Faccio una premessa, tanto per non confonderci le idee. E cioè parlerò qui di Ronaldo non
dell’Inter: voi mi direte, e non a torto, che Ronaldo incarnò a suo tempo l’Inter stessa e che,
ritornato lui, ritorna la vera Inter. Giusto.
Questa sarebbe logica aristotelica, non fosse che da tempo l’Inter sembra sistematicamente
sull’orlo del collasso: la sua modestia collettiva è pari alla bravura personale, da Seedorf a Recoba,
da Vieri a Ronaldo finalmente. Insomma, quando si gioca contro l’Inter fanno bellissima figura
anche Atalanta e Brescia, cui vanno a volte i punti a volte i complimenti a volte sia quelli che
questi. Più che di gruppo, i gol dell’Inter sono proprietà privata, ad personam.
E’ la dura legge di San Siro, stadio oramai inquieto più di un reparto di cardiochirurgia. Per
fortuna, come sostiene lo scrittore anglo-veronese Tim Parks, i tifosi ragionano soprattutto da
innamorati e, dunque, sono capaci degli stessi sogni e delle identiche illusioni sperimentabili in
amore. In questo, gli interisti sono imbattibili e credono a vita.
Oltretutto, ve ne sarete accorti al volo, Ronaldo non è più lo stesso di qualche mese fa, nel senso che
svela meno felicità e più dispetto. Mettiamoci nei suoi panni: da due anni ignora perfino la sua
permanenza tra gli atleti; ha sofferto al ginocchio due recisioni da svenimento; si è sorbito mesi e
mesi di preparazione da trappista per sentirsi, alla fine, circondato da un oceano di scetticismo. Mio,
nostro, di tutti, alzi la mano chi no: forse soltanto Massimo Moratti, ricco e santo.
Solo che, tra un ritorno e una ricaduta, tra un annuncio e un supplemento di istruttoria, il devoto
rapporto di Ronaldo con l’ Inter, vale a dire del tifo con la sua reliquia, ha conosciuto negli ultimi
tempi un qualche disturbo. A volte anche le favole possono velarsi, magari per un niente, magari
per una innocente apparizione al carnevale di Rio, oppure per l’intrusione della Nazionale carioca, o
anche per la scelta di guarire in Brasile piuttosto che a Milano.
Sì,sì, nel calcio ci sono di mezzo Tir di denaro, spot a vagoni, interessi da manicomio, però, stringi
stringi, niente e nessuno riusciranno mai a neutralizzare passioni e sentimenti.
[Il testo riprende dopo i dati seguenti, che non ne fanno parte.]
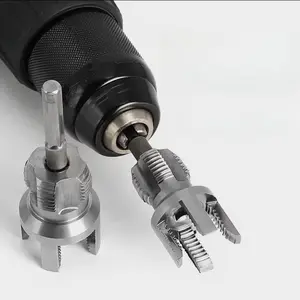 2-in-1 PVC Pipe Threader Kit, Carbon Steel Integrated Pipe Threader, Pipe Threading Tool Kit with Internal & External Thread Cutting, 2Pcs 1/2"&3/4" PVC Thread Maker Compatible with Electric Drill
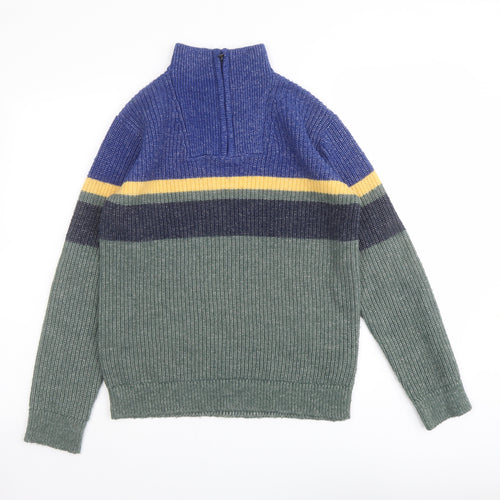 Marks and Spencer Boys Multicoloured High Neck Striped Cotton Pullover Jumper Size 13-14 Years Zip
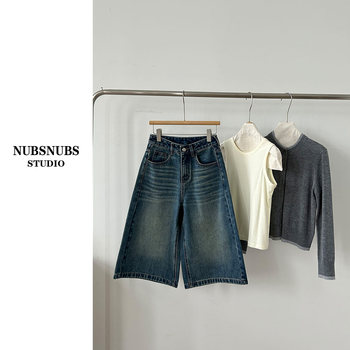 3.19 dalin's self-made non-elastic, see size chart, retro cropped trousers, washed and distressed, nostalgic blue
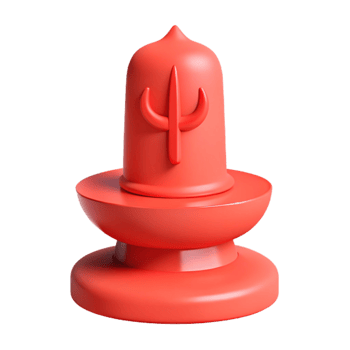 3D Render of a Red Shiva Lingam png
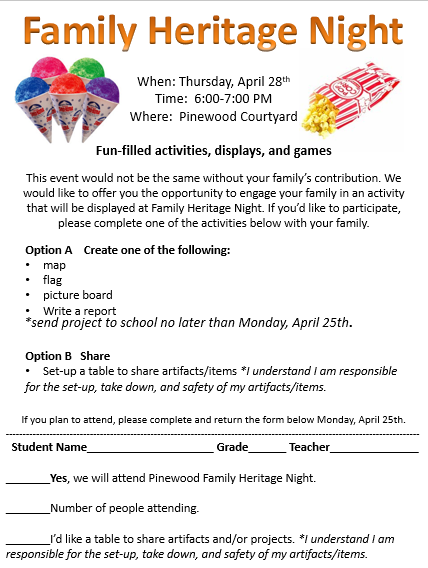 Family heritage night flyer
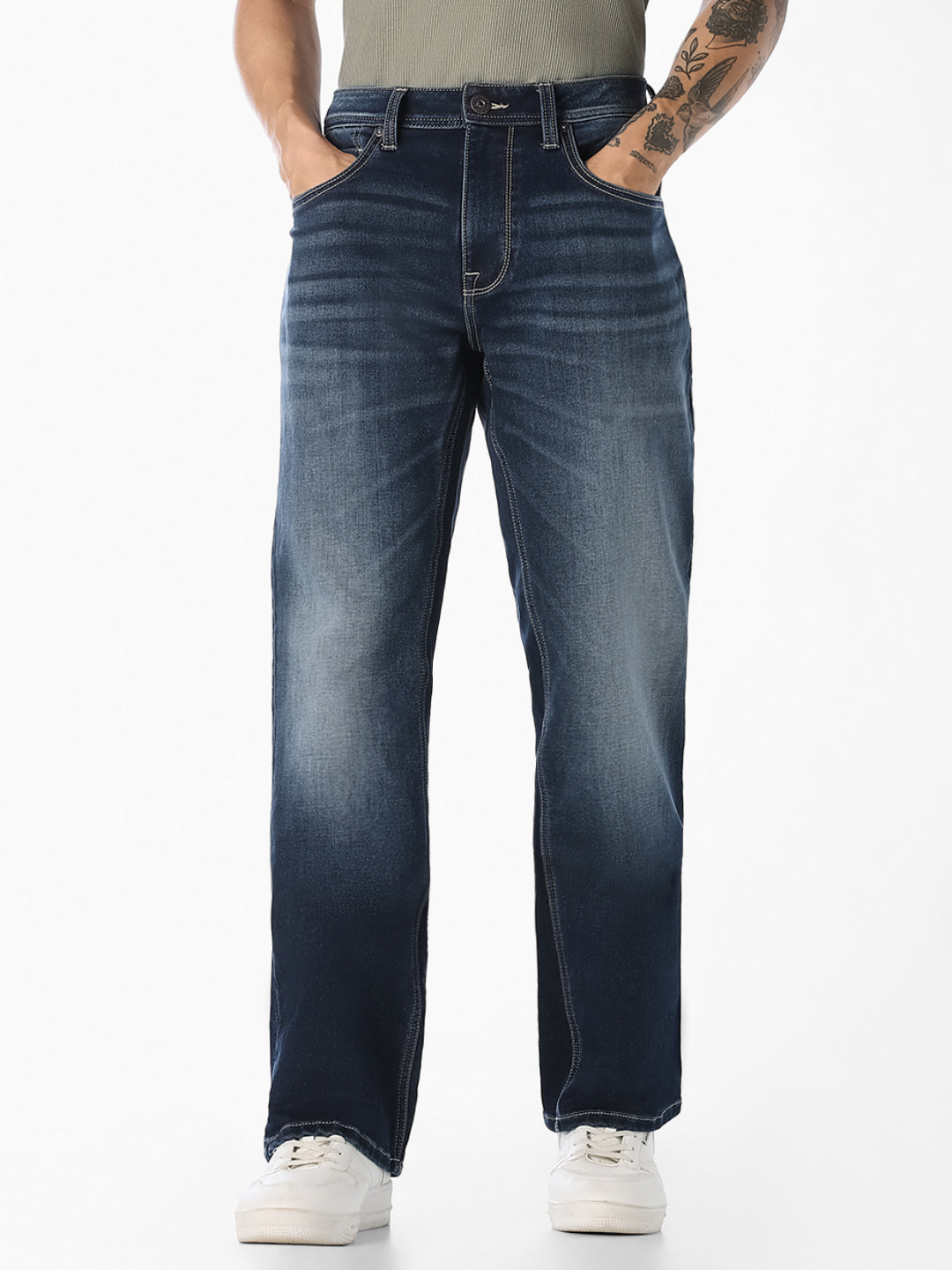 Dark Blue Washed Bootcut Jeans - 28/30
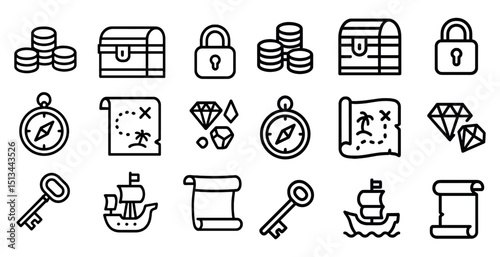 Treasure hunt icons: maps, compass, and locks for adventure design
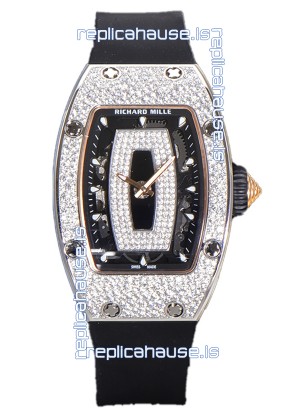 Richard Mille RM007 Diamonds Paved Black Dial 904L Steel Superclone Swiss Watch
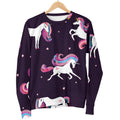 Night Girly Unicorn Pattern Print Men's Crewneck Sweatshirt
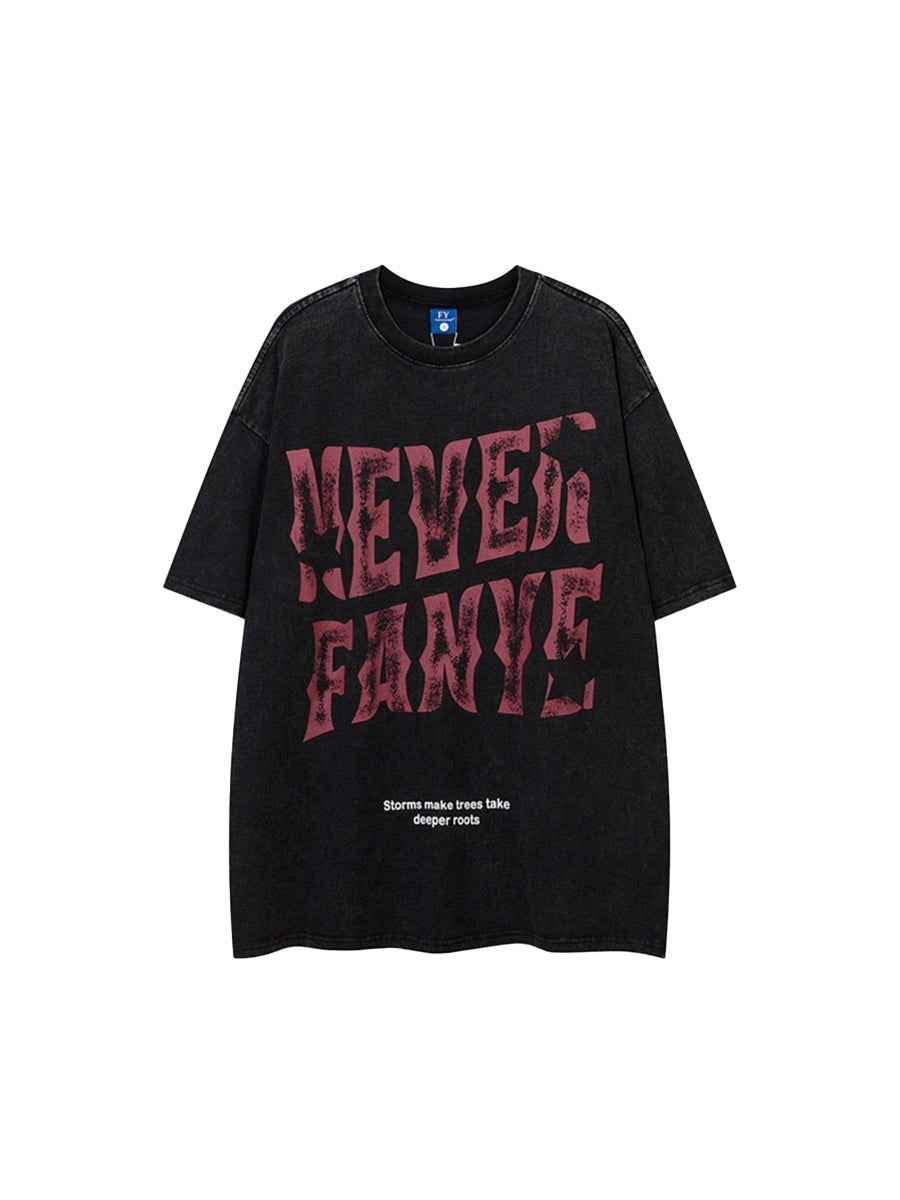 Whysoil-Distressed Jagged Gothic Stacked Letter Print Washed Oversized T-Shirt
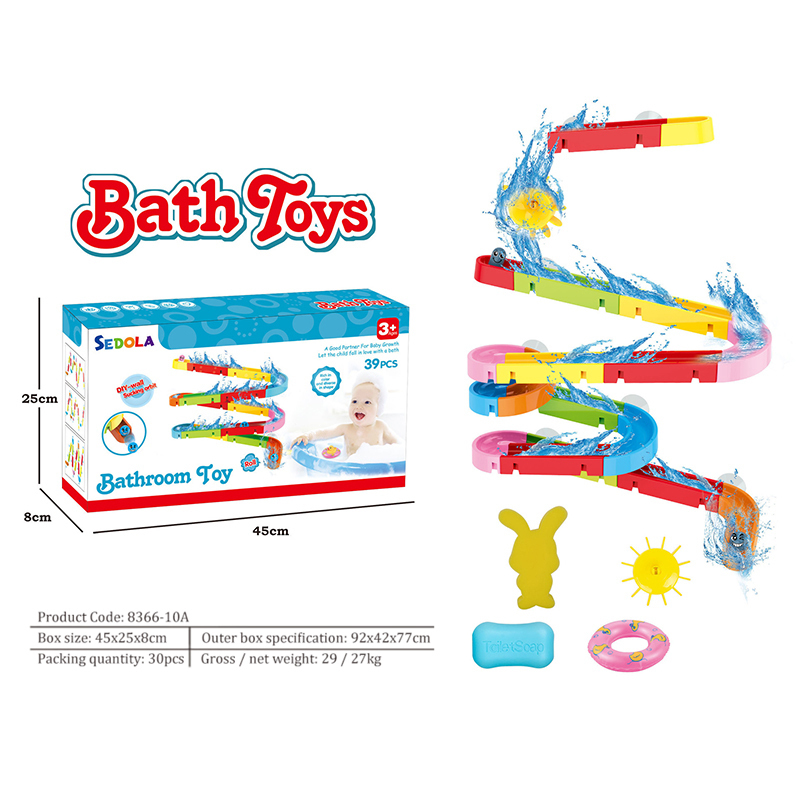 Children's DIY Baby Bath Toys Wall Suction Cup Marble Race Run Track Bathroom Bathtub Kids Play Water Games Toy Set for Children LJ201019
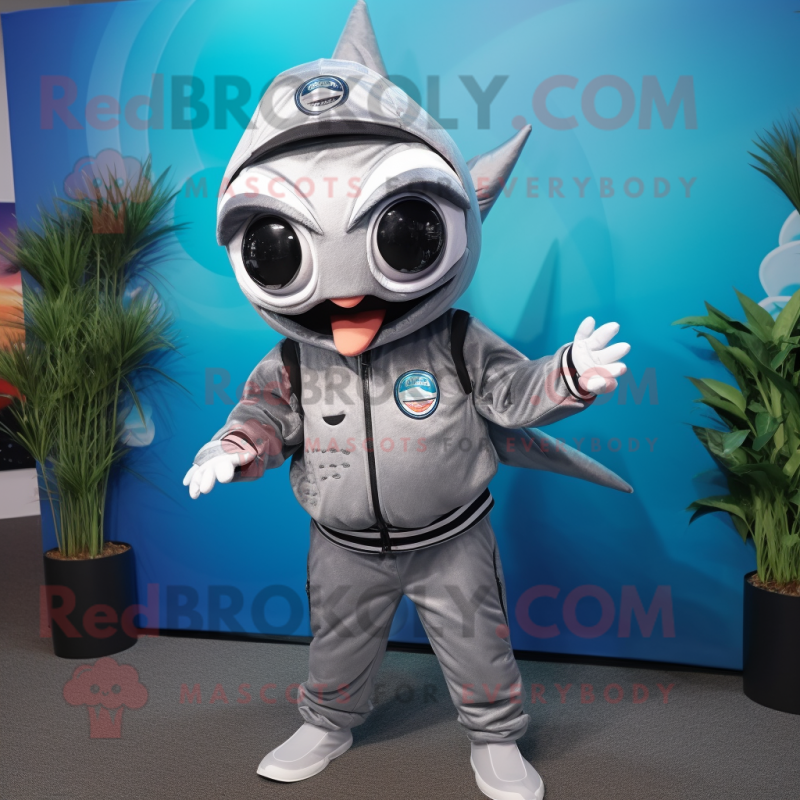 Silver Tuna mascot costume character dressed with a Jumpsuit and Headbands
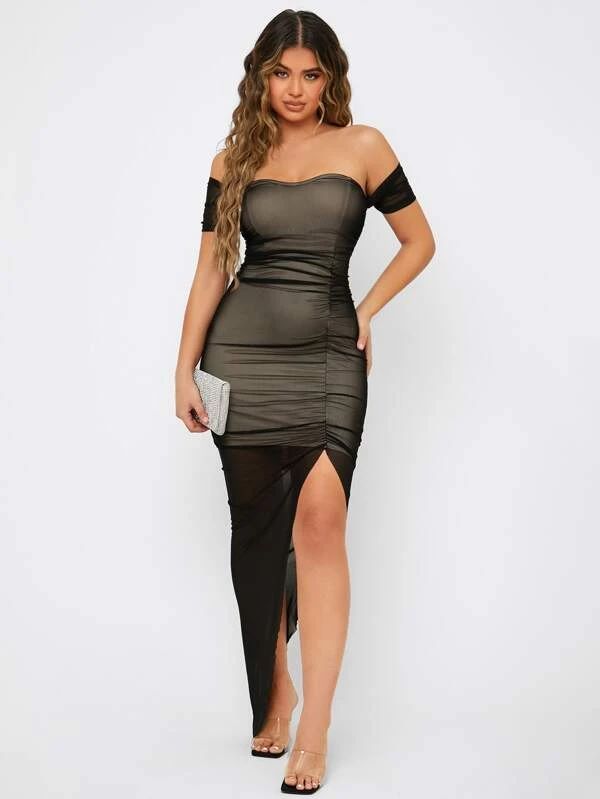 SHEIN Off Shoulder Zip Back Asymmetrical Hem Dres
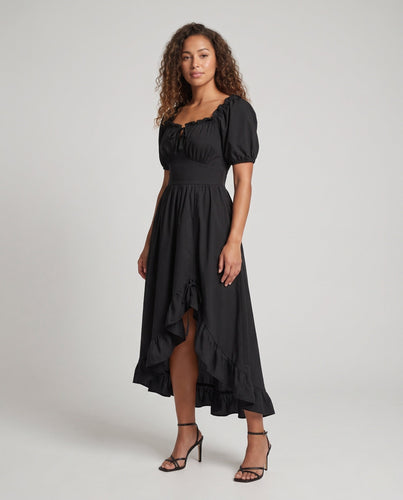 Damen Elegantes Maxi-Kleid mit Puffärmeln und Rüscheldetails Shop Nory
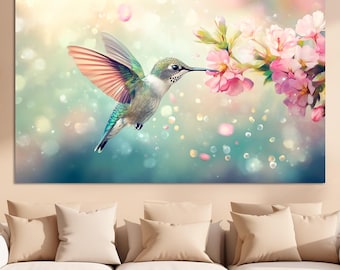 Hummingbird Canvas Wall Art | Tropical Bird Painting Print | Blue and Pink Pastel Wall Decor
Sicchè Ronaldo si è
incavolato , ha messo il muso alla stampa, finendo per mostrare qualche occhiata di ferro che non
gli conoscevamo.
E’ questo Ronaldo, meno idolo e più in carne e ossa, che ieri è andato due volte in gol, con due
destri cattivi, il primo insistito sul palo, il secondo al volo come lui usava soprattutto in Olanda,
luogo santo degli attaccanti che ci provano sempre, anche rischiando la brutta figura. Poiché più
sofferta e incarognita, la sua beatitudine non è stata per nulla da “fenomeno”: nemmeno per sogno;
mostrava fame di successo e nient’altro, fame allo stato puro. Zero favola, tutto orgoglio
professionale.Più vendetta che festa.
Non so se Ronaldo abbia più in testa l’Inter o la Nazionale brasiliana, ma anche qui lo capisco
benissimo,e del resto è lui stesso a ripeterlo nelle interviste. Il Mondiale 1998 in Francia e contro la
Francia è stato vissuto urbi et orbi come il minimo storico del suo curriculum: soltanto tra un
mesetto e mezzo in Giappone lui ritroverà l’occasione che aspetta da quattro anni. Non puoi vivere
da simbolo del football planetario – “il più forte calciatore al mondo”- e restare prigioniero di
quell’immagine parigina di pallone d’oro sconfitto e prostrato.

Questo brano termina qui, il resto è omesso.